AMAIM Warrior at the Borderline – Episode 1

By: Vrai Kaiser October 5, 20210 Comments
a giant robot mid-punch

Content Warning: nationalism, anti-immigrant dogwhistles, police brutality

What’s it about? When Japan was on the brink of collapse from economic crisis and low birthrates, it began accepting aid from foreign nations; these countries “deployed a vast number of people, slowly expanding their territory.” Eventually, an armed conflict known as the Boundary War broke out, resulting in Japan being “virtually divided up and ruled.” In the year 2061, Shiiba Amou becomes a government target due to his hobby of tinkering with old weapons of war, the mecha known as AMAIM.


Put on your earmuffs, because we’re headed square into dogwhistle territory. I came into this title with some suspicions of where it would go—maybe it’s the War on Terror memories, maybe it’s remembering Build the Wall literally two years ago, but I have an instinctive fight-or-flight reaction to titles that proudly include the phrase “border warrior.” But…holy shit, y’all. Like, holy shit.
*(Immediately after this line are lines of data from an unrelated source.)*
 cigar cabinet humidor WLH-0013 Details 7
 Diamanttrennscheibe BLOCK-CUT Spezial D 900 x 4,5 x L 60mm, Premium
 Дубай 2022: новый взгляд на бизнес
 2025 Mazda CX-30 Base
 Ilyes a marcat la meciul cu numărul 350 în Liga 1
a girl in a robot with her purple deer AI
I wonder if she has thoughts vis a vis Margaret Thatcher’s implementation of girl power

I used a criminal number of scare quotes in the summary just so that I convey the baldness of this show’s premise. To whit: when Japan reached a point of crisis (including the grimly memetic Declining Birthrate), its requests for foreign aid resulted in immigrants coming into the country. Those immigrants then began “expanding their territory,” which eventually led to war. Not, “other countries saw Japan was weakened and attacked/conquered it.” That would still have some nationalist undertones (hello, Code Geass), but this is a great deal more insidious.

To translate it more baldly: “we let foreigners in and they outbred us, and now the True Japanese People are being subjugated by the foreign powers they heralded!”
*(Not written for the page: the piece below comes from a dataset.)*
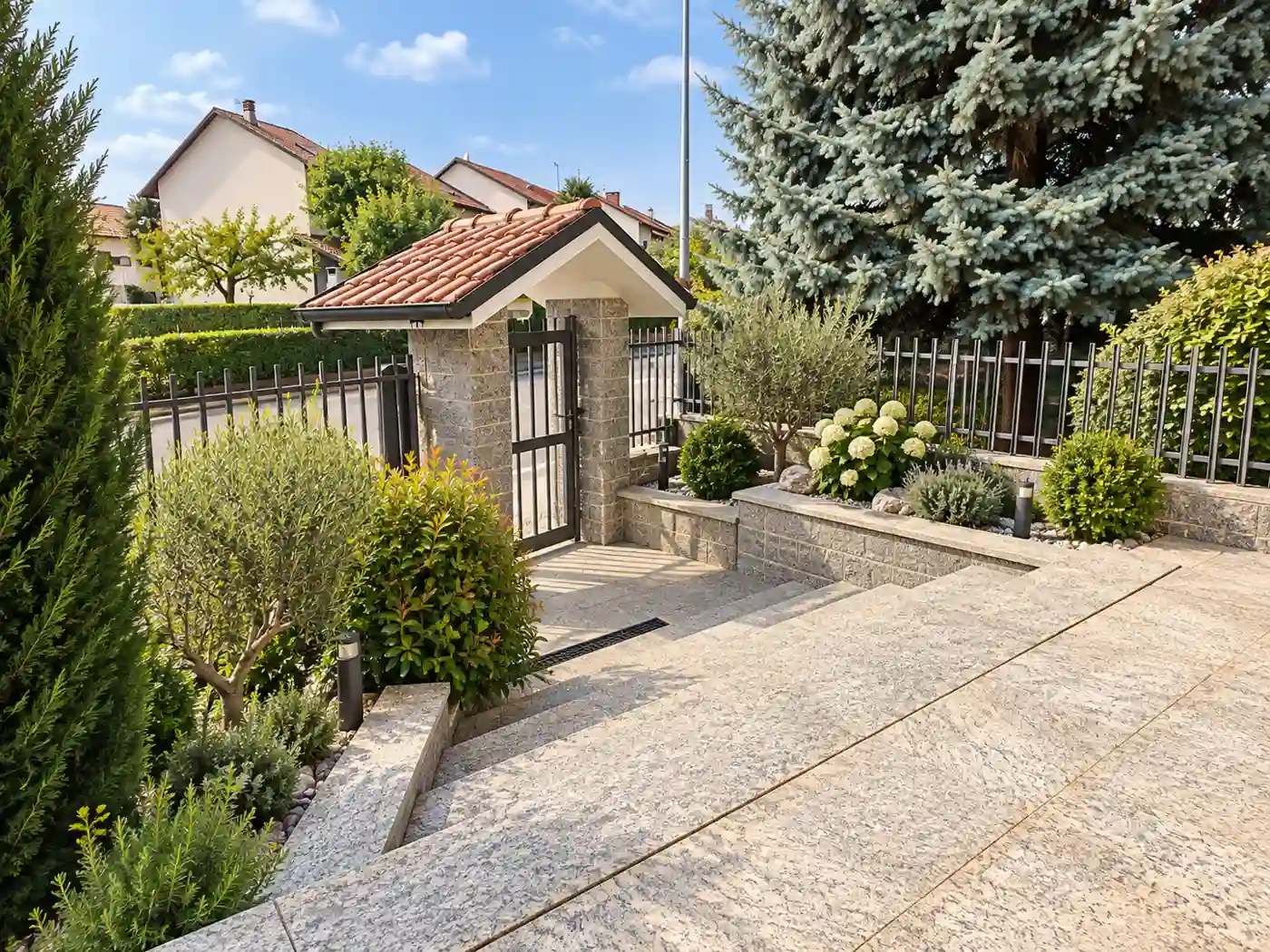 Immagine per Villa bifamiliare in vendita a Pianezza via Rocciamelone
This is an anime about fucking “anchor babies.”

a shot of peaceful snowy villages. subtitle: Each nation deployed a vast number of people, slowly expanding their territory
If this was set in America we’d be watching a white Texas farm woman making apple pie while tenderly planting a kiss on her gun baby

We are, naturally, told this backstory as the camera pans across scenes of Japan’s landscape and historical pagodas; the ending credits see our protagonist engage in traditional arts like flower arrangement. Obviously love of cultural traditions isn’t an inherently toxic thing: look at Showa Genroku Rakugo Shinju or hobby shows like Let’s Make a Mug Too. What’s fucked up is when you make them into symbols of what our heroes are trying to protect, because it raises the question of why they need to be protected and from whom. Then you end up with an anime version of Red Dawn with narrative logic that would be at home in a Ben Shapiro novel.

Its production cycle and airing also coincides with recent conversations in Japan about immigration policy reform, the exploitation of foreign visa workers, inhumane conditions at foreign detention centers, and abuse of immigrants by officials. There’s no denying that this is an extremely topical series, and one with pretty stomach-churning implications. Hell, I’m barely scratching the surface of the nuanced conversation that ought to be had here, and I highly encourage folks with expertise to pitch us.

news footage of Japan's low GDP. subtitle: What's hope? How much does it cost?
*screenwriting jerkoff motions intensify*

But as was the case with Darling in the FranXX, I doubt we’re going to hear about it for a while. That’s because AMAIM looks quite pretty, and mecha fans have been quite excited about its return to 2D-model robots designed by some of the Gundam franchise’s greats. The action scene that rounds out the episode is good stuff, in abstract, with choreography and animation that lends a real sense of kinetic weight and impact to the giant robot fights. And in my jaded experience, I find that even when a work has confidently stated its thematic intentions, the only thing that will turn the tide against it is technical incompetence. The human cost of Cyberpunk 2077 doesn’t matter, just the glitches. Darling in the FranXX could do no wrong amongst a certain audience of chuds until the second cour fell apart visually.

My goal is absolutely not to tell anyone not to watch AMAIM, or that they’re a bad person if they like the well-executed cool robot fights. I liked the cool robot fights. But I hope that this can be a series where enjoyment of the animation doesn’t mean quashing critical discussion of an eyebrow-raising-at-best premise that may or may not grow more troubling as the show progresses.

And while I’m at it, I’d like a pony.